The school had been a wish of Jo Long, the Carver's longtime director, as an appropriate crown for an institution she has nurtured almost obsessively for 23 years. But it was largely a pipe dream. And in any case she was unprepared for the Robinsons' largesse.

After the March meeting the Robinsons went to lunch, Ms. Long recalled. "And they called me an hour and a half later and said, 'O.K., we're going to give you $5 million for this school.' I was speechless. I got up and came home. And the next day they delivered a check for $75,000 to start the master planning."

In recognition of the gift, on Wednesday Robinson, 34, is to receive the Montblanc de la Culture Award, one of a series of annual honors for philanthropy in the arts bestowed around the world by Montblanc, the German pen makers.

For the Carver, however, and for Ms.

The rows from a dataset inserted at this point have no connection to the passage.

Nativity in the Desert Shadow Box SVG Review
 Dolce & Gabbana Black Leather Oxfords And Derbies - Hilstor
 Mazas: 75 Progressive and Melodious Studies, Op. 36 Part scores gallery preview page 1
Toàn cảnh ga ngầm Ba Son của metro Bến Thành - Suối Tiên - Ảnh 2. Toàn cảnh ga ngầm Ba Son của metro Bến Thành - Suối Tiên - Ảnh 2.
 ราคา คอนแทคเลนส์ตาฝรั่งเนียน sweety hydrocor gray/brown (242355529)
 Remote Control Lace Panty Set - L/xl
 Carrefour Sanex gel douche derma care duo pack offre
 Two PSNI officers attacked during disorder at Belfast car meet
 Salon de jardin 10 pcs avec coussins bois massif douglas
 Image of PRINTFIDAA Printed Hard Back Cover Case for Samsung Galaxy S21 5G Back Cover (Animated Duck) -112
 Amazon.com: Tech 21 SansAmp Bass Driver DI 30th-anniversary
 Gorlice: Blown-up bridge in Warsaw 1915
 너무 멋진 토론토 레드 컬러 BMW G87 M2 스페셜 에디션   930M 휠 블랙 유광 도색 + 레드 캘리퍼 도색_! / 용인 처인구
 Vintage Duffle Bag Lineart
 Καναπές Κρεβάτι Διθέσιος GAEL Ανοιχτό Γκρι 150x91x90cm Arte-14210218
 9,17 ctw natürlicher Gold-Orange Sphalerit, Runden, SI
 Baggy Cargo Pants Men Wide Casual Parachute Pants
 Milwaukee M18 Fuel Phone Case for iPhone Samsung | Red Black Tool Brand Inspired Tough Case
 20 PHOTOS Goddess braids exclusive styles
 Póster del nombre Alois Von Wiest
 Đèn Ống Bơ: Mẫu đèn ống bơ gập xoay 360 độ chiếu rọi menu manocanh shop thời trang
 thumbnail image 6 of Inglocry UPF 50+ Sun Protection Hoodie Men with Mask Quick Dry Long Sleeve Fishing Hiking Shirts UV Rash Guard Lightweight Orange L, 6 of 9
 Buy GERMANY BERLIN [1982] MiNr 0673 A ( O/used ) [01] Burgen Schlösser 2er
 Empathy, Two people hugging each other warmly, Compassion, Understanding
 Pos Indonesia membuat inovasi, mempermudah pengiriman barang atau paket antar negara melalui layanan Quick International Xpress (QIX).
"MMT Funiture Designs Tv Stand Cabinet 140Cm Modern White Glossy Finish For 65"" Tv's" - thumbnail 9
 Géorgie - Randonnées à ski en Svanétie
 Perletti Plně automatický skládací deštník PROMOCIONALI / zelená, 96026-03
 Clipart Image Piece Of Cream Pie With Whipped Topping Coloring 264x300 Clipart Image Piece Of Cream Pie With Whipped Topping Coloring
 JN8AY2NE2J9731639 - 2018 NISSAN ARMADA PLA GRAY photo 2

Long in particular, the story has a "be careful what you wish for" element as well. The ceremonial groundbreaking is to be held on Monday for a new institution, the Carver Complex, encompassing a $6 million renovation and expansion of the Carver Cultural Center and a 280-student independent elementary school to be known as the Carver Academy, all of which has been set in motion by Robinson's $5 million.

But Ms. Long, 49, who is something of a local legend, will not be there. She is at home recovering from a breakdown, leaving the Carver leaderless at a crucial time. It is uncertain when, or if, she will return.

"I believe the stress of this effort contributed to her disability," said Isaiah T. Creswell, the chairman of the arts center board, known as the Carver Development Board.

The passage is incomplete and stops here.